WASHINGTON- On the 33rd anniversary of the Americans with Disabilities Act (ADA), the US Department of Transportation (DOT) introduced a new rule that mandates increased accessibility in airline lavatories.
This rule, authorized by the Air Carrier Access Act (ACAA), will require airlines to ensure that lavatories on new single-aisle aircraft are spacious enough to accommodate a passenger with a disability and their attendant, both of whom have a size equivalent to a 95th percentile male.
This will enable them to approach, enter, and move within the aircraft lavatory as needed. Vice President Kamala Harris and U.S. Transportation Secretary Pete Buttigieg had previously highlighted this upcoming rule during a White House ADA Anniversary event earlier this month.
US DOT New Advisory on Airline Lavatories
U.S. Transportation Secretary Pete Buttigieg expressed that travel can already be stressful, and it becomes even more burdensome for millions of wheelchair users who either dehydrate themselves before a flight or avoid air travel altogether due to limited restroom access.
To address this issue, the U.S. Department of Transportation is proud to introduce a rule that will increase the size and accessibility of airplane bathrooms.
This initiative aims to provide travelers in wheelchairs with the same level of access and dignity as the rest of the traveling public.
The recent announcement aligns with the Biden-Harris Administration’s significant efforts to enhance infrastructure accessibility, which include:
- Awarding billions of dollars from President Biden’s Bipartisan Infrastructure Law to modernize airport terminals, incorporating wheelchair ramps, accessible restrooms, and other accessibility features.
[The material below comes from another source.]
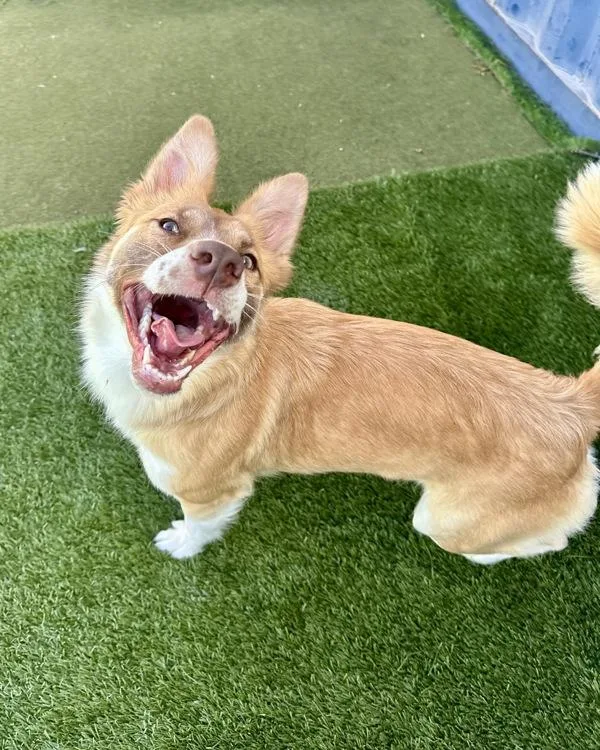 A young large-sized female Border Collie dog named Butterscotch for adoption in Novato, CA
- Allocating nearly $700 million through the All Stations Accessibility Program last December to retrofit older rail and subway stations, adding elevators, ramps, and other enhancements. The program, funded by the infrastructure law, aims to improve transit rail station accessibility, enabling individuals using wheelchairs and strollers or facing mobility challenges to access rail systems reliably.
- Initiating groundwork for a potential future rule that addresses passengers remaining in their wheelchairs during air travel.
- Developing rules to enhance training for airline staff assisting passengers with disabilities or handling battery-powered wheelchairs or scooters.
- Collaborating with industry, academia, and Federal partners to ensure future vehicles, including automated and electric vehicles, as well as charging infrastructure, are designed with inclusivity in mind.